This started with a youtube video where Joanne Chang of Flour bakery was giving a talk to the Harvard students on the culinary Art of Bakery.
Joanne Chang at Harvard
While watching this, my fascination instantly peaked at leavening or causing the dough or bread to rise by adding a leavening agent like yeast or other ingredients such as emulsifiers, etc. Yeast is a single cellular organism that absorbs or eats the sugar in the mixer and releases c02 as a result. So the air holes you find in bread, for example, is just your bread farting while its baking...
At the end of her talk a student asked how the recopies could be modified to make a vegan version....and from this my latent culinary powers awoke.
I started a pizza experiment to test it out and see what I can learn from this - of baking and see if I could not learn something from the experience..
Exhibit 1 - My first pizza
This pizza had too much yeast, flour and quantity. The dough turned out too thick. Too much cheese and dough. The dough rose too fast and spilled - or over- leavened. I read somewhere that Italian pizza have 00 flour so I tracked that down.
Exhibit 2 - second try
This version came with a better vegetable spread. I noticed the daiya cheese spread didn't exactly work out well, it creates these thin strips of cheese that don't exactly melt.

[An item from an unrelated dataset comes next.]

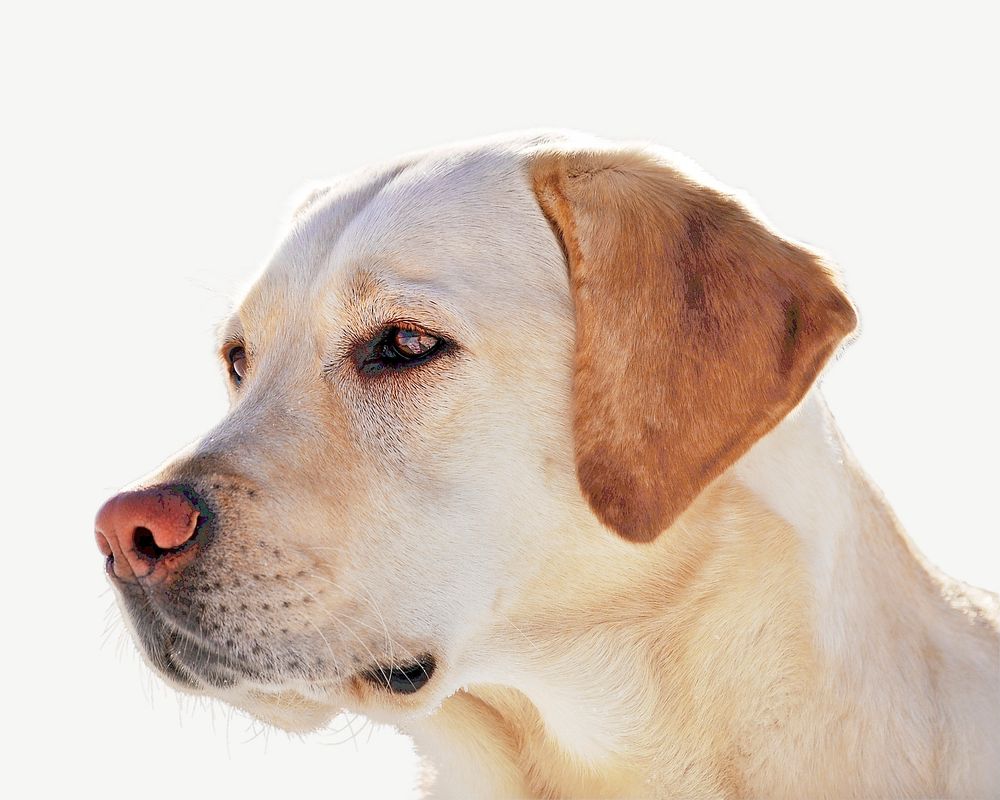 Labrador Retriever dog, pet animal collage element psd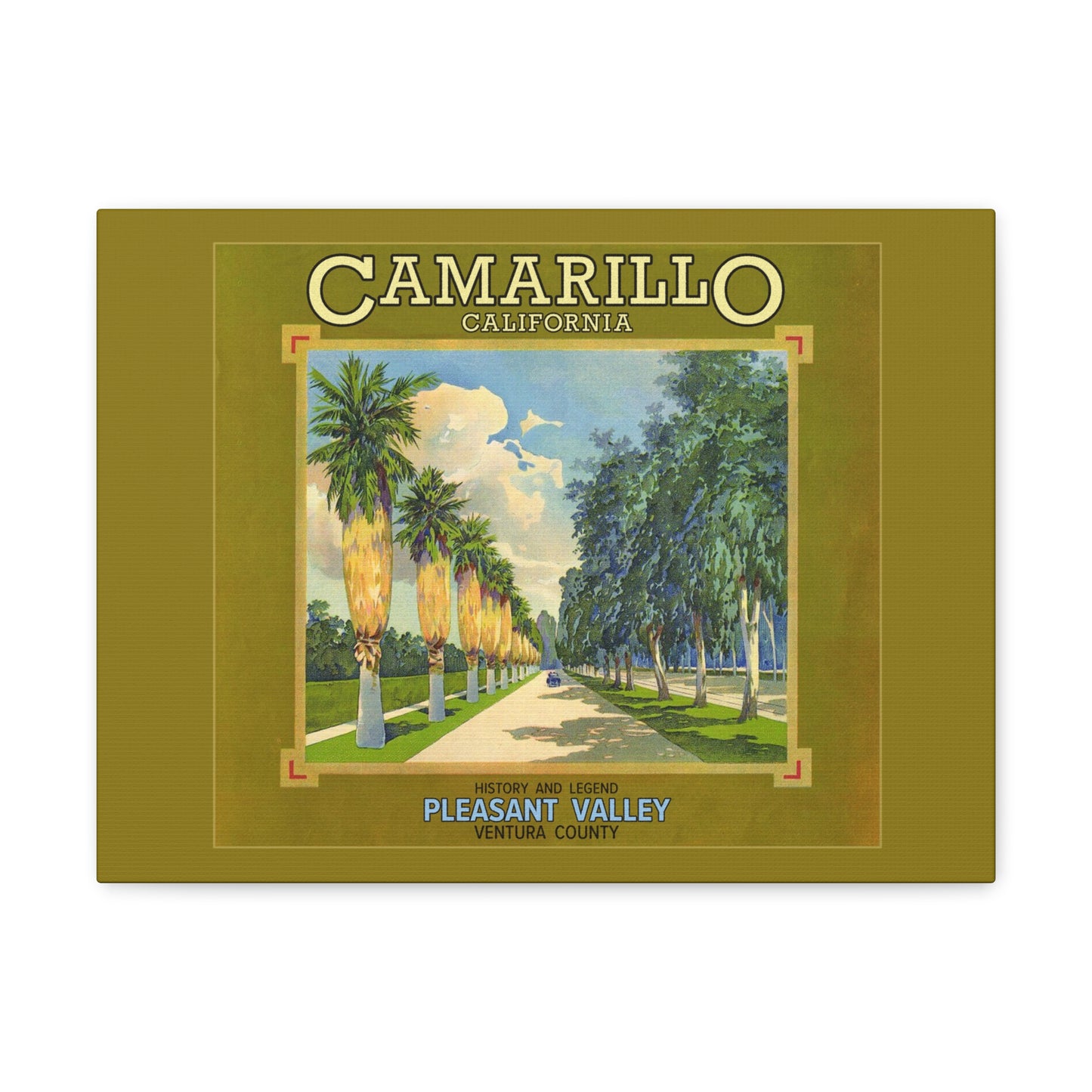 Canvas of Camarillo Palms & Eucalyptus (Old 101 FWY)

Exhibit 3 - Mangos and Pineapples
I made this fruity version to sort of change ingredients and to see what a "sweet one" would taste like. It was horrible...tasted sour and like acidic...As you can see, I don't relish using tomato sauce..Also, I haven't yet bought this '00' flour from Italy which i am told is an important ingredient.
Exhibit 4 - Veggies
Tadaaah!...This one speaks for itself.
Exhibit 5 - Tomato
Tasted kind of Dough-ey....Didn't bake long enough. But I made thinner pizza doughs.